### What you will do
The expected response is the complete listing below, restated exactly, with its pictures omitted.

### Supplied records
====================

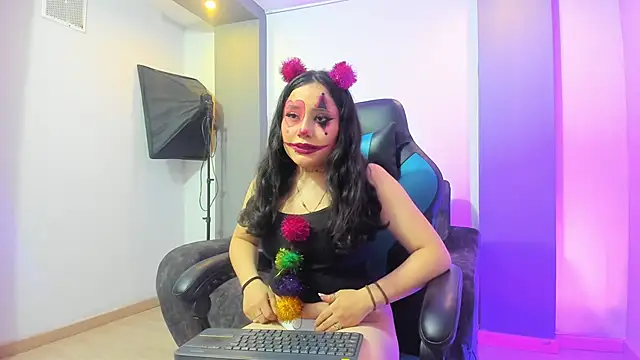 Snapshot of Miiarouse__ chatting on June 20, 3:42 am Miiarouse online show from June 20, 3:42 am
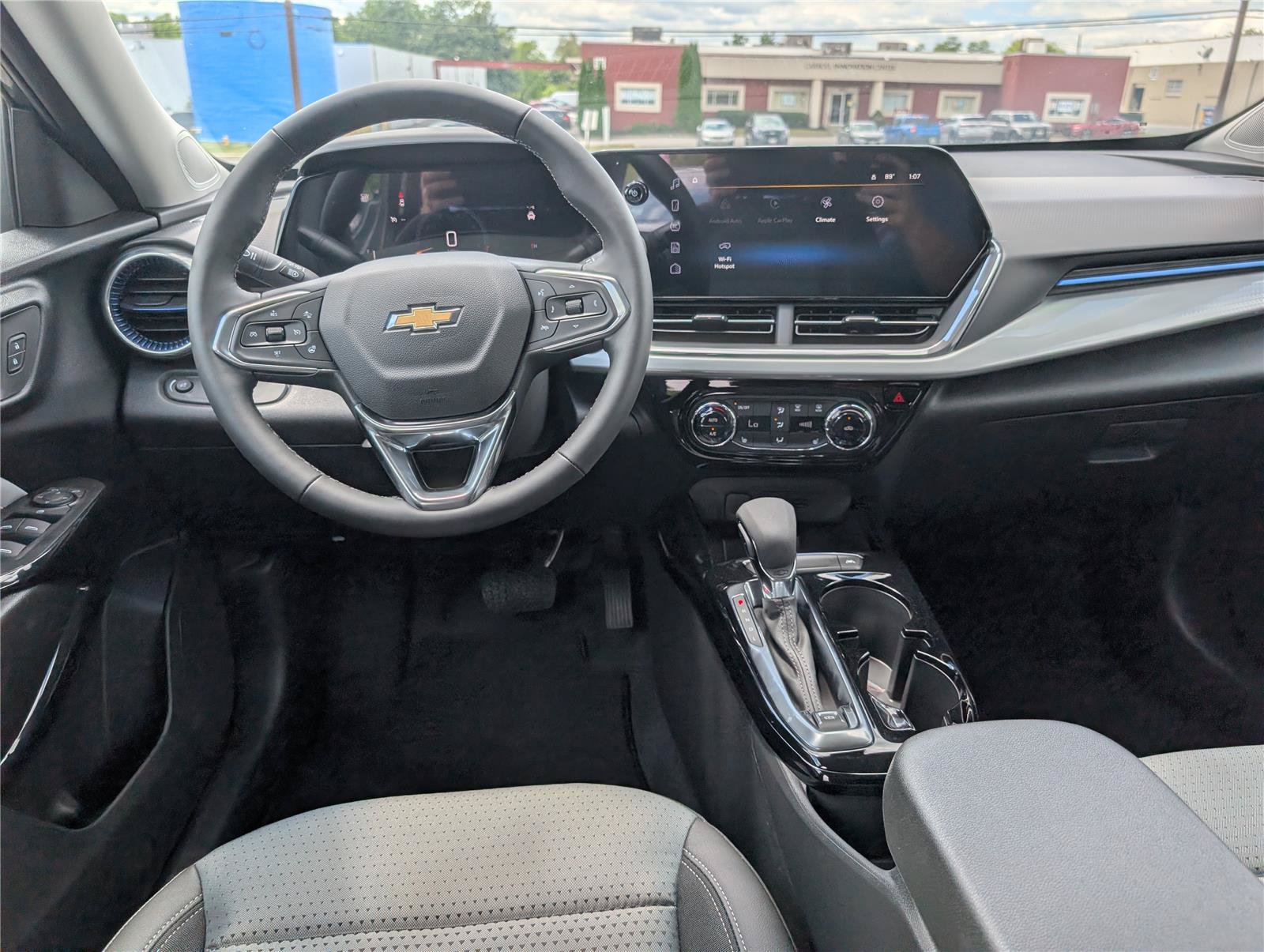 New 2026 Chevrolet Trax LT w/ LT Convenience Package FWD image 12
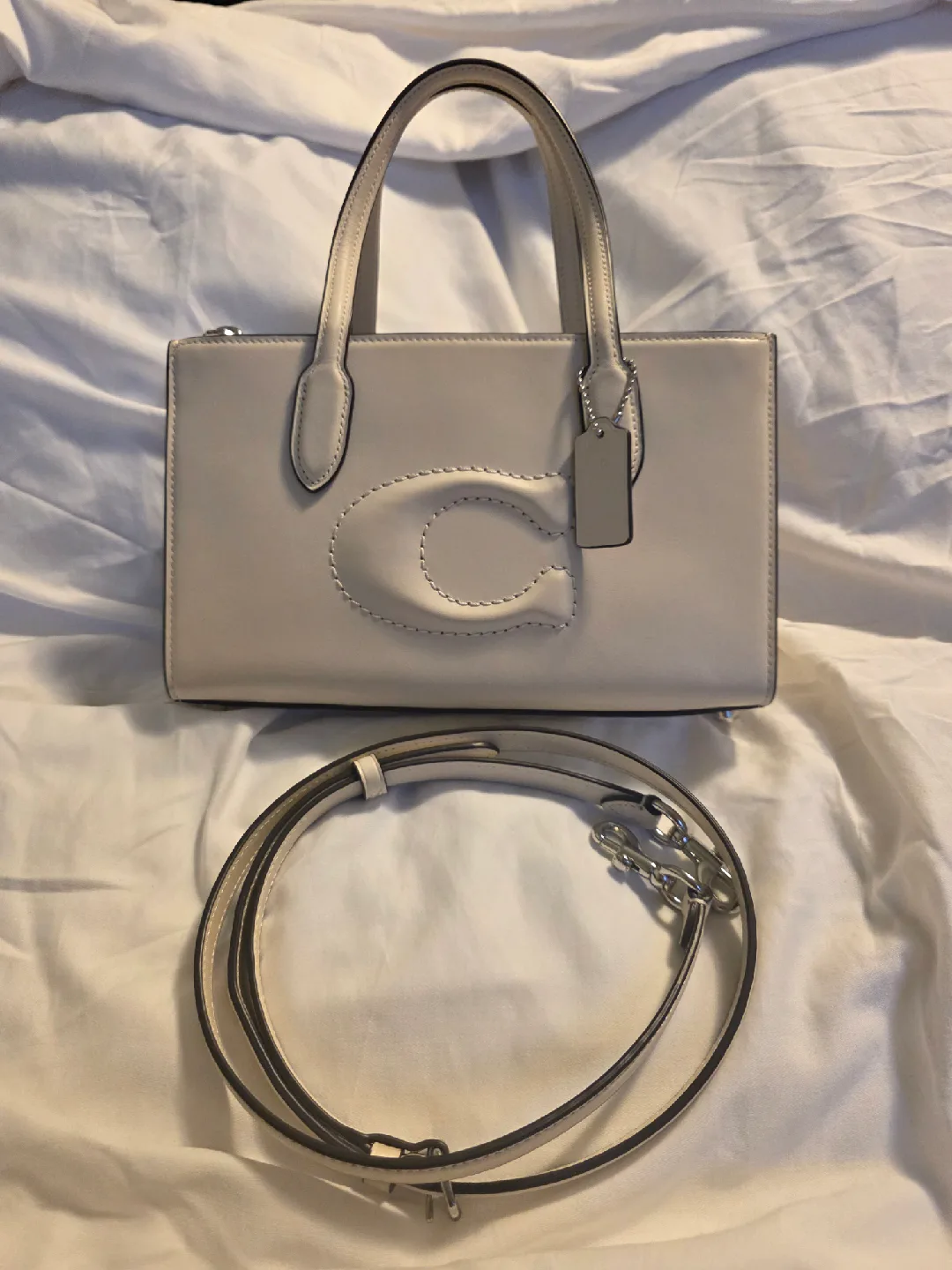 Coach Bag Nina Small Tote Bag: Chalk Colour image indicator(2)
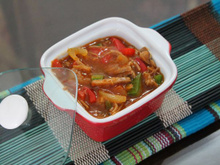 Carne desfiada com molho: confira a receita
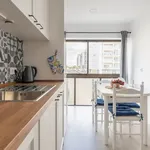 Rent 2 bedroom apartment of 77 m² in Armação de Pêra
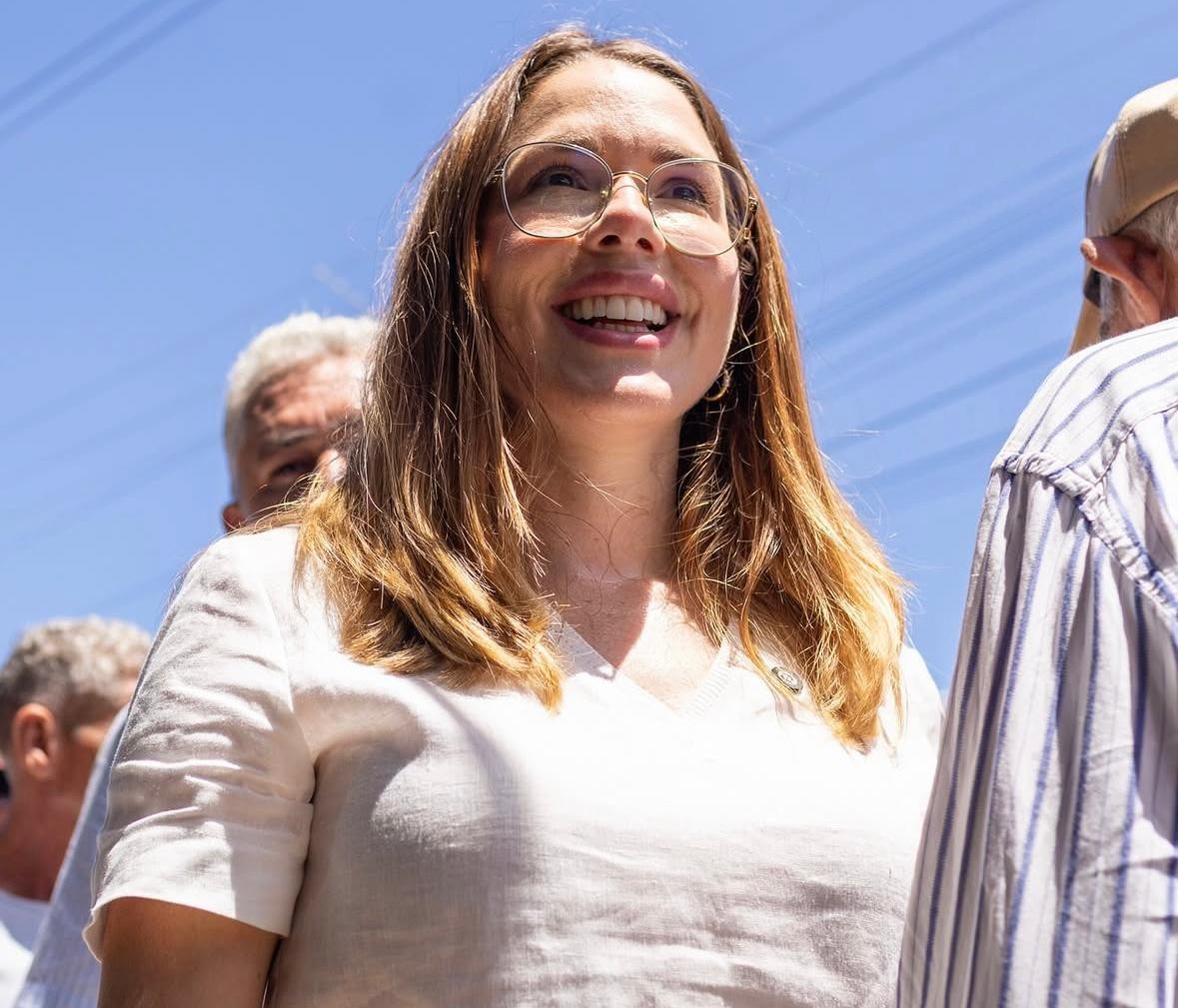MPE entra com ação contra candidatura de irmã de Hugo Motta por manutenção de vínculos públicos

====================

### Output for this exercise
 Snapshot of Miiarouse__ chatting on June 20, 3:42 am Miiarouse online show from June 20, 3:42 am
 New 2026 Chevrolet Trax LT w/ LT Convenience Package FWD image 12
 Coach Bag Nina Small Tote Bag: Chalk Colour image indicator(2)
 Carne desfiada com molho: confira a receita
 Rent 2 bedroom apartment of 77 m² in Armação de Pêra
MPE entra com ação contra candidatura de irmã de Hugo Motta por manutenção de vínculos públicos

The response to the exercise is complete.